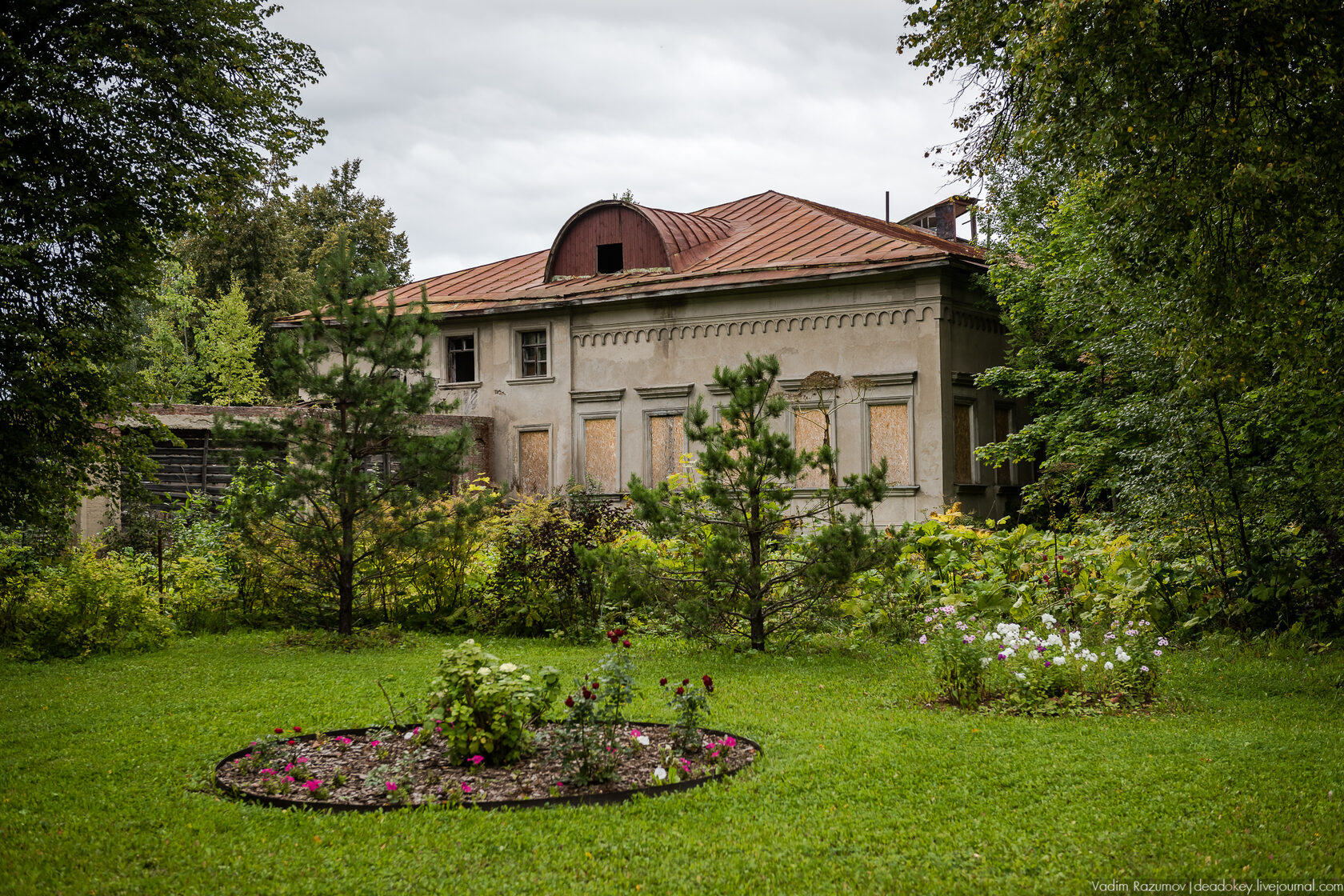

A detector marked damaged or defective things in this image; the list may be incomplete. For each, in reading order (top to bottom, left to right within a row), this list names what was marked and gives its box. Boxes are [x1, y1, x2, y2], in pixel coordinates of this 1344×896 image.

broken window [599, 242, 623, 274]
rusty metal roof [283, 190, 989, 323]
broken window [446, 333, 473, 381]
broken window [521, 331, 548, 376]
peeling paint on wall [518, 430, 550, 494]
peeling paint on wall [580, 418, 615, 494]
broken window [580, 418, 615, 494]
peeling paint on wall [647, 416, 682, 486]
broken window [870, 402, 914, 483]
peeling paint on wall [870, 402, 914, 483]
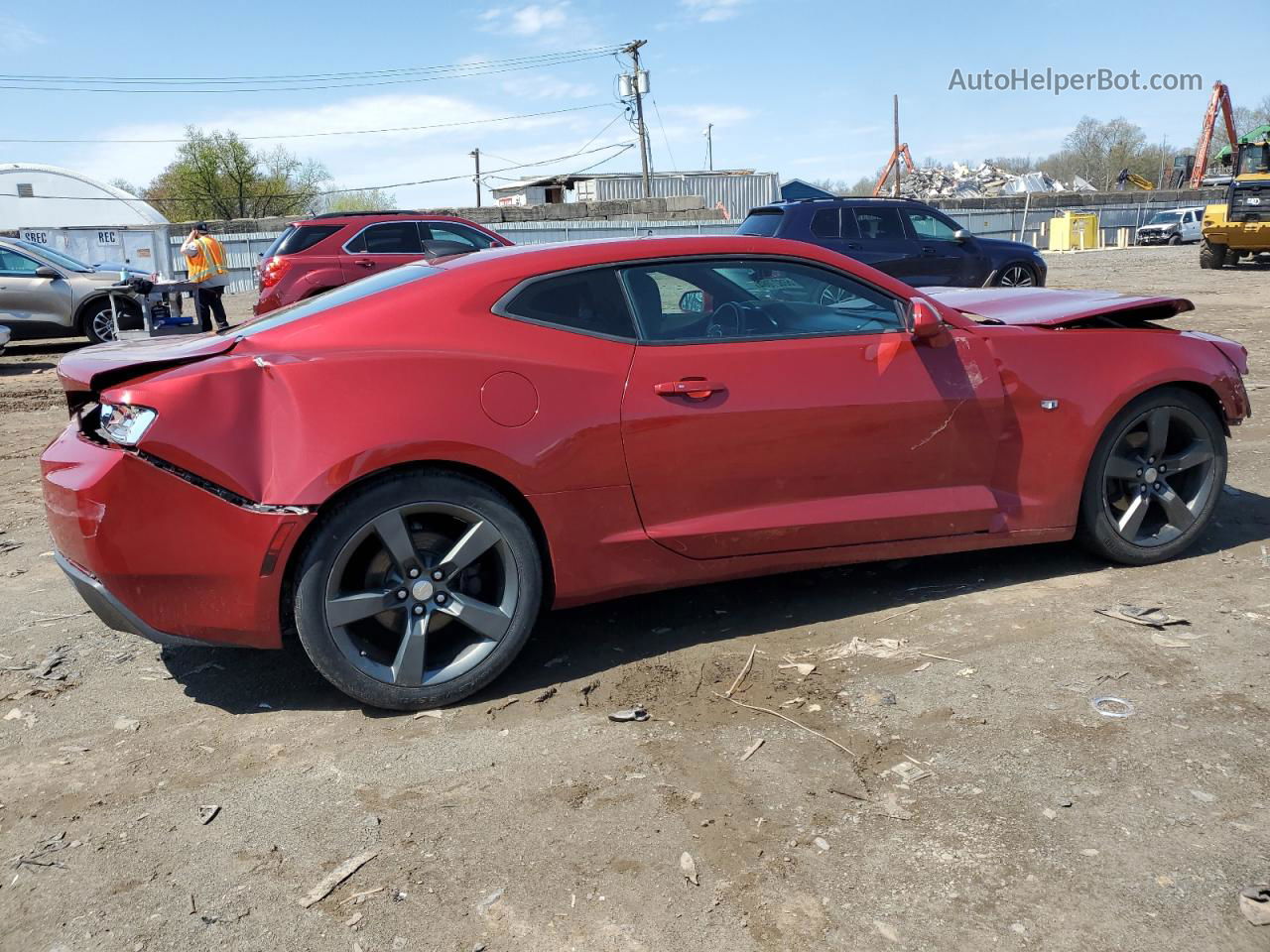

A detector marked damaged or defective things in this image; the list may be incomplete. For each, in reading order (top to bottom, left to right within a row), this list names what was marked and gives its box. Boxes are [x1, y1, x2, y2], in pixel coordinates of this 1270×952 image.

damaged red camaro [40, 236, 1254, 706]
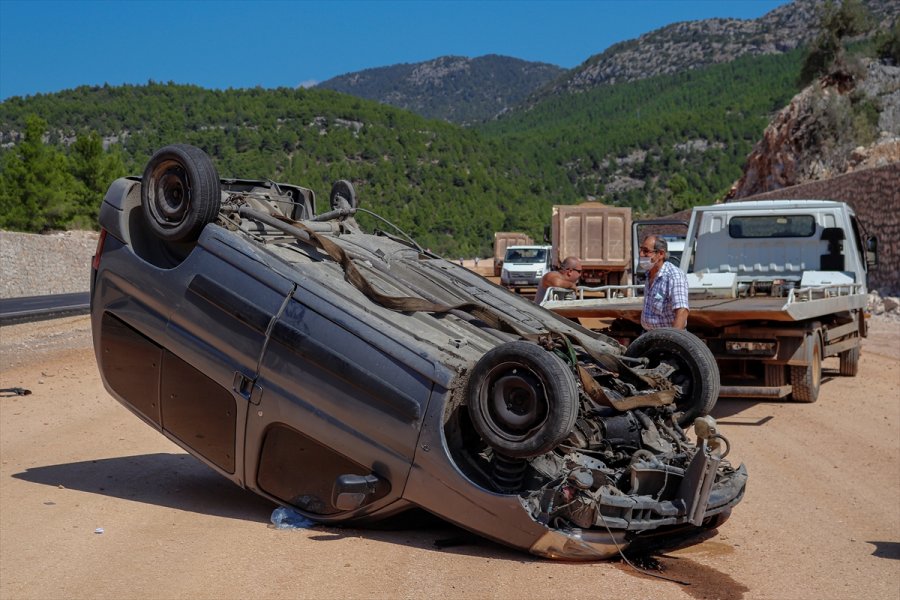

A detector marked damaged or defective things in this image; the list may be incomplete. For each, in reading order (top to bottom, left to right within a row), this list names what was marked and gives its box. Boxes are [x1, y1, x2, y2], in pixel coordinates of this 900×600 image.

broken plastic debris [268, 506, 314, 528]
overturned car [89, 144, 744, 556]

┄┄┄┄┄┄┄┄┄┄

An exact, picture-free copy of the entries is required.

A detector marked damaged or defective things in this image; the list may be incomplete. For each, in reading order (top to bottom, left to right within a row), this list names what was marked and gives its box. Boxes are [x1, y1, x2, y2], in pixel coordinates of this 1344×896 image.

broken window [599, 242, 623, 274]
rusty metal roof [283, 190, 989, 323]
broken window [446, 333, 473, 381]
broken window [521, 331, 548, 376]
peeling paint on wall [518, 430, 550, 494]
peeling paint on wall [580, 418, 615, 494]
broken window [580, 418, 615, 494]
peeling paint on wall [647, 416, 682, 486]
broken window [870, 402, 914, 483]
peeling paint on wall [870, 402, 914, 483]

A detector marked damaged or defective things in this image; the list may be incomplete. For each, in reading order (top to bottom, left to right within a row), this list names what was marked and gives its box. Boxes are [x1, y1, x2, y2], in pixel coordinates of this 1270×952 image.

damaged red camaro [40, 236, 1254, 706]

A detector marked damaged or defective things in this image; the list may be incomplete. For each, in reading order (top to bottom, left to right within a row), this list names what was marked and gives its box. Boxes are [x1, y1, x2, y2], in pixel coordinates of this 900×600 image.

broken plastic debris [268, 506, 314, 528]
overturned car [89, 144, 744, 556]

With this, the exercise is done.